Et ce n’est qu’avec un plan d’urgence ciblé et audacieux, et en faisant face à toutes les pressions des lobbies en tous genres que nous avons pu redresser la barre en 2014, en stoppant l’expansion du budget, en inversant la tendance au déficit budgétaire, en réduisant les tensions inflationnistes, et en maintenant le niveau de la dette sous la barre de 50%. Notre objectif était donc de redonner le maximum de sérénité à nos finances publiques, condition sine qua non du maintien de notre souveraineté sur nos choix économiques et sociaux, conjuguée au lancement des grandes réformes structurantes à partir de 2015 et, in fine, de préparer les conditions de la réussite de notre transition économique concomitamment avec le succès de la transition politique.
A ce titre, soucieux d’une politique économique fondée sur la réforme fiscale et sur la lutte contre les inégalités, nous avons choisi de nous concentrer sur la maîtrise du budget de compensation énergétique en le diminuant de presque 25%, soit une économie d’environ un milliard de dinars sans impacter les secteurs productifs et le pouvoir d’achat des classes moyennes et défavorisées. De même, plusieurs mesures ciblées tirées du projet de réformes fiscales élaborée durant l’année 2013 ont été intégrées dans la loi de finances 2014, ont permis d’augmenter de deux milliards de dinars les recettes fiscales. Le tout, avec le souci constant de freiner l’expansion budgétaire engagée entre 2011 et 2013 avec une évolution annuelle moyenne de 14% en la limitant à 3,5% en 2014. Ce redressement des finances publique aurait pu être aisément maintenu, voire amélioré, d’autant plus que l’environnement international durant la période 2015-2017 était assez favorable avec un prix du baril en baisse et une croissance européenne en hausse.
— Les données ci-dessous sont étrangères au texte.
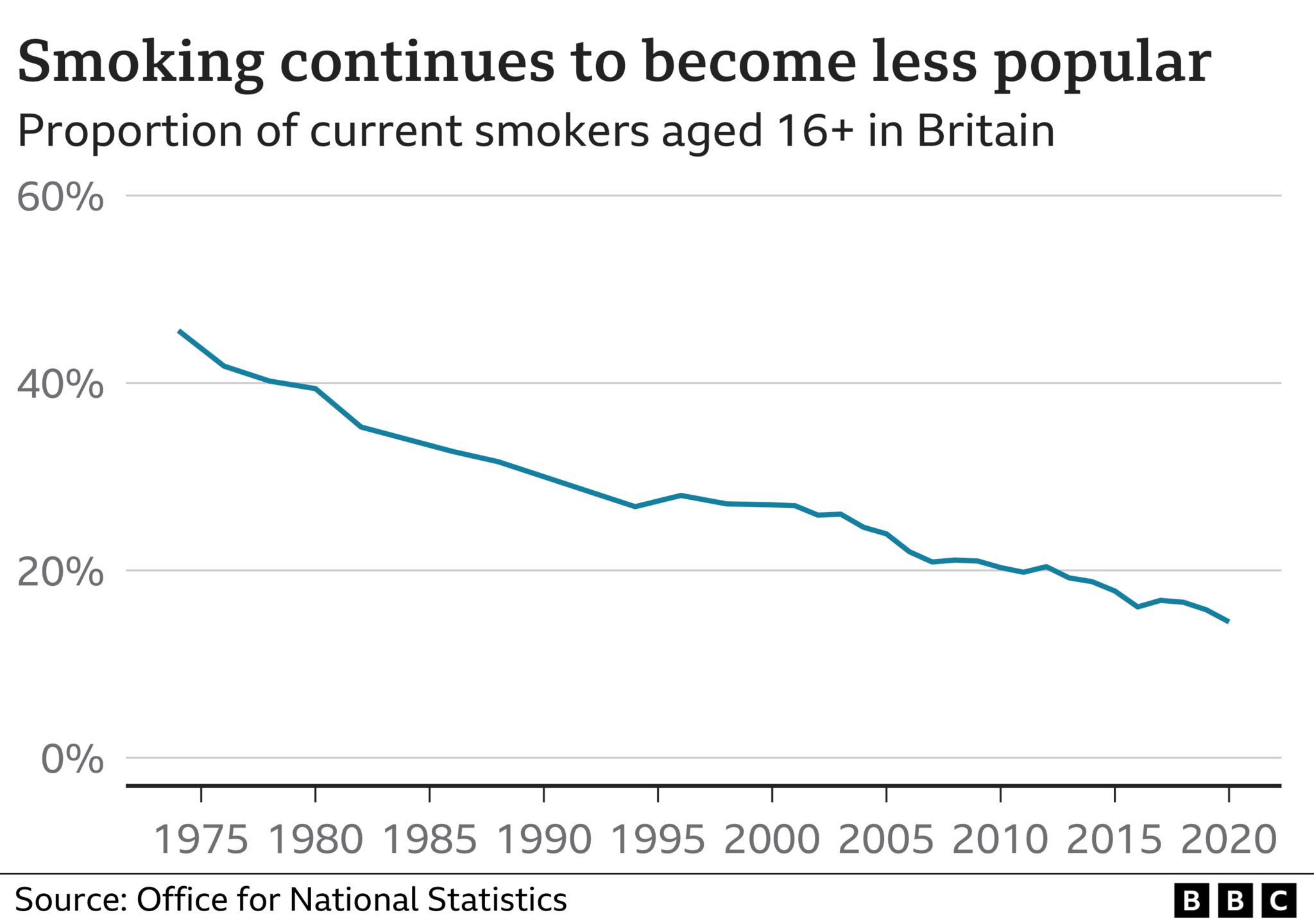 Chart showing smoking rates falling since the 1970s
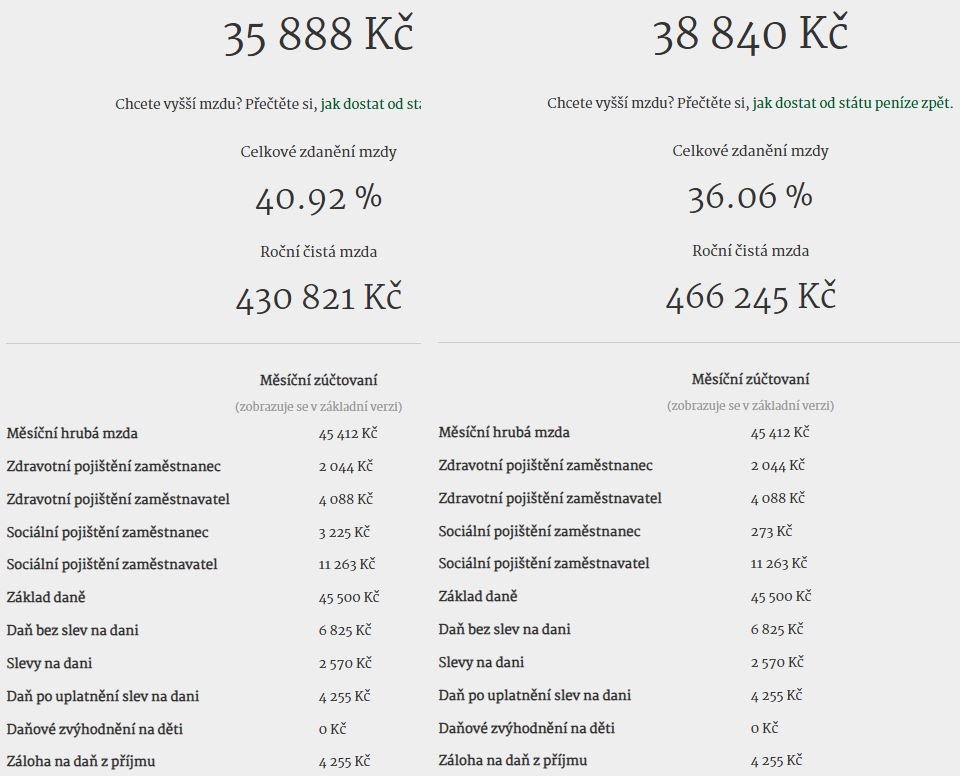 Čistá mzda při uplatnění slevy pro pracující důchodce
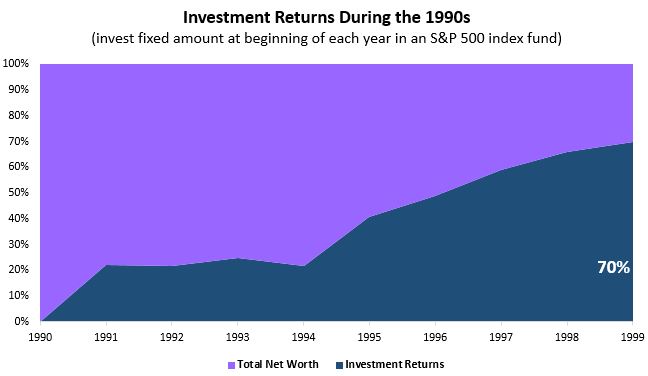 invest1990s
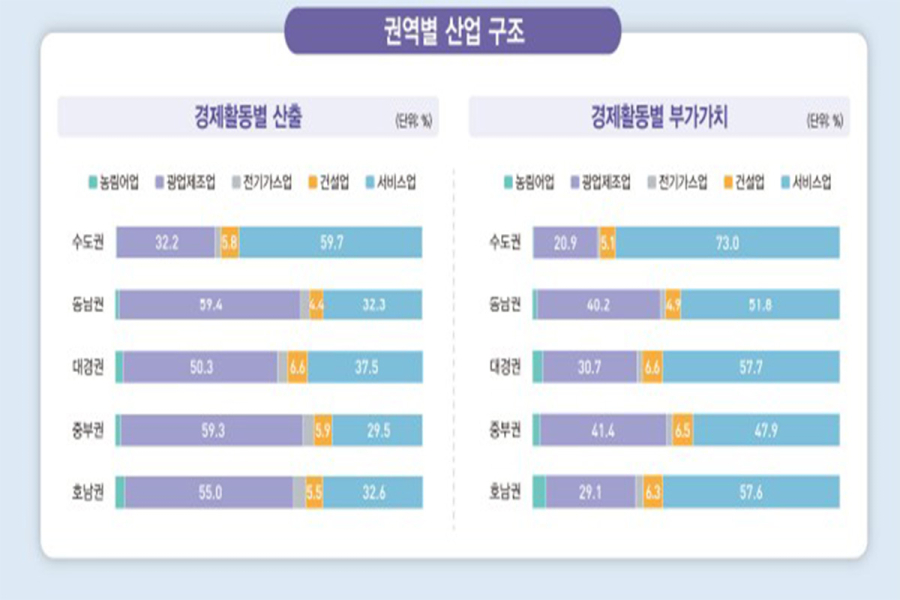 데이터처, ‘지역공급사용표’ 첫 발표…수도권, 한국 경제 중심지 역할 수행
C’est à partir de cette expérience que je recommande à nos gouvernants et aux parties prenantes des discussions de Carthage de ne pas se disperser et rester “focus” comme le disent les Anglais. L’essentiel aujourd’hui, dans ce qui reste de ce mandat législatif, soit à peu près un an et demi avant son terme, est de se concentrer sur quelques objectifs prioritaires résumés dans le tableau suivant :
Pour atteindre ces objectifs, 5 “task force” devraient être lancées immédiatement pour sortir au plus tard à la fin du mois d’août des plans concrets, complets et approfondis :
Task Force 1: Plan de stabilisation des activités d’extractions minières et pétrolières incluant la politique de repositionnement commercial à l’international.
Task Force 2: Plan de réduction ciblée du budget de compensation avec une analyse d’impact sur les secteurs productifs et sur les ménages de la classe moyenne et des plus vulnérables.
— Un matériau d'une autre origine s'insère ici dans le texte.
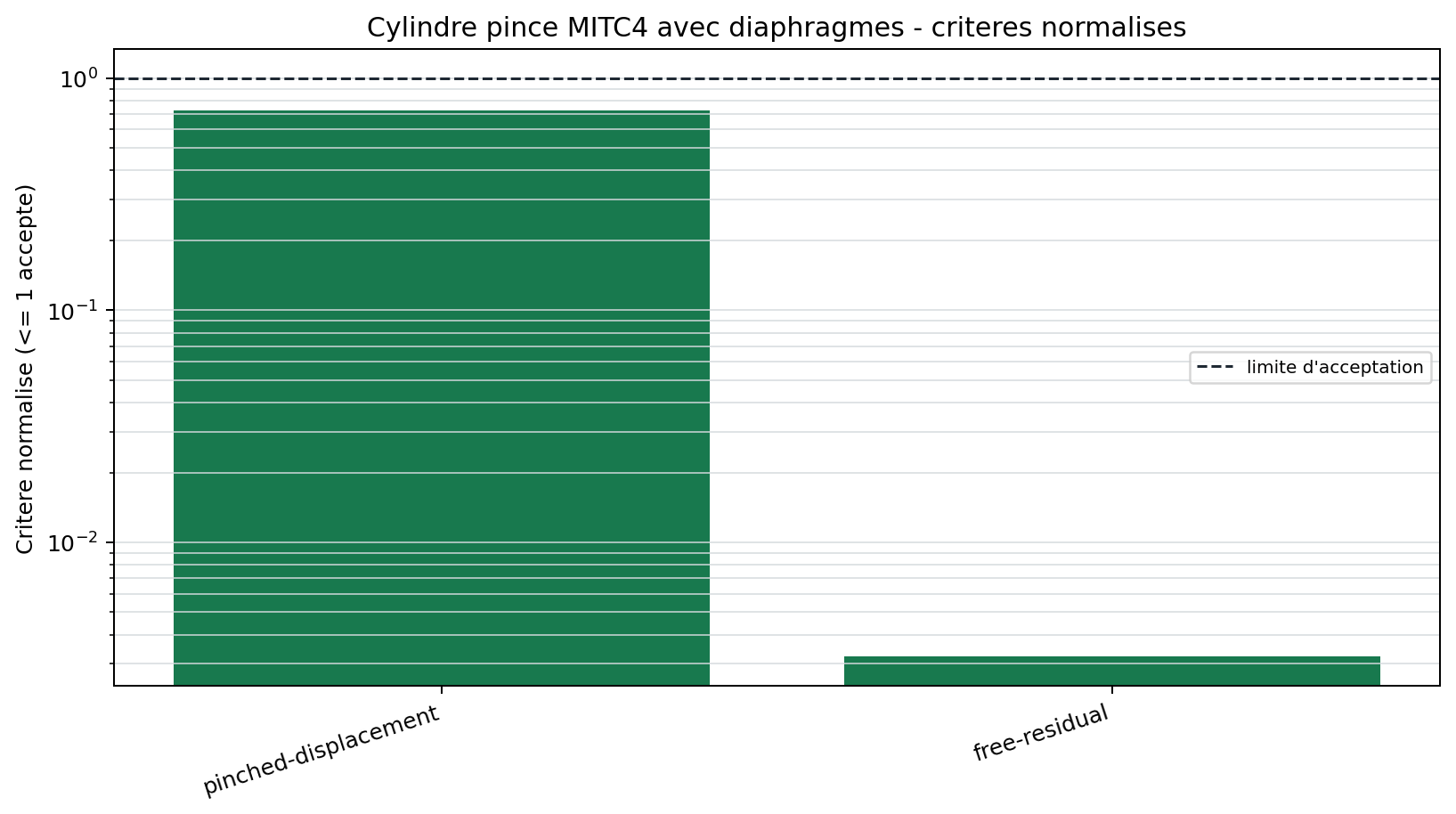 Criteres normalises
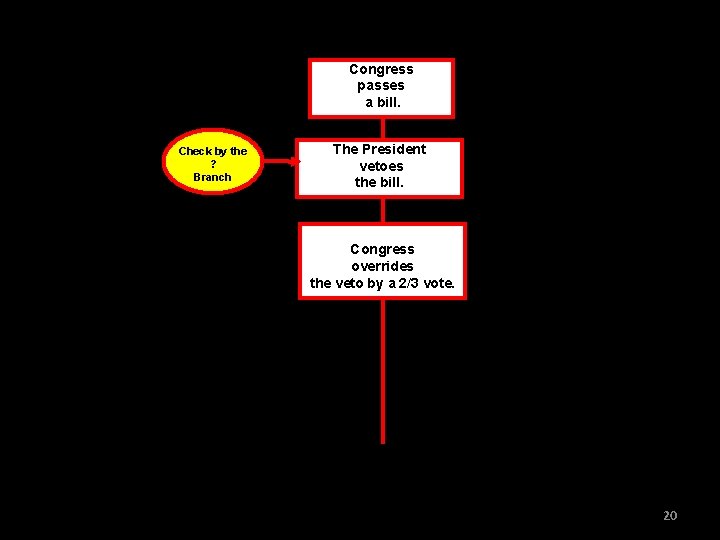 Congress passes a bill. Check by the ? Branch The President vetoes the bill.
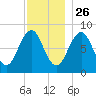 South Freeport tide chart for Tuesday, November 26, 2024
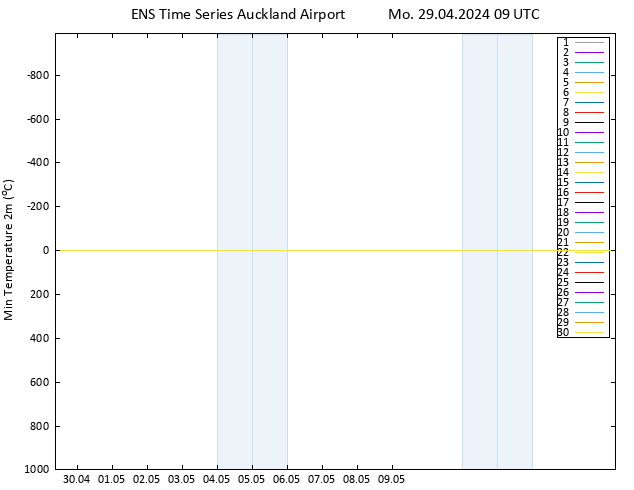 Temperature Low (2m) GEFS TS Mo 29.04.2024 09 UTC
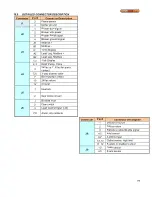 Preview for 82 page of Camus Hydronics DynaMax DMH201 Installation And Service Manual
Task Force 3: Plan d’aide financière à négocier avec l’UE pour les 3 prochaines années et un accès immédiat au marché européen pour les produits agricoles (notre contribution active et coûteuse pour la sécurisation de la rive sud de la Méditerranée nous permet de négocier sereinement de telles contreparties).
Task Force 4: Plan de mesures de sauvegarde et de surveillance à l’importation ayant pour objectif de surveiller et de réguler les importations de marchandises susceptibles, par leur nature ou leur volume, de porter préjudice à notre industrie nationale et/ou à notre balance commerciale.
Task Force 5: Plan de réforme du système de retraite. Sans cela, il sera très difficile de sauver notre économie inflationniste, endettée et déséquilibrée, et tout le processus de transition démocratique risquera d’échouer. La Tunisie doit se redresser pour s’apaiser, elle a besoin d’équilibre mais aussi de confiance, de rêves, de bonne gouvernance et surtout d’audace.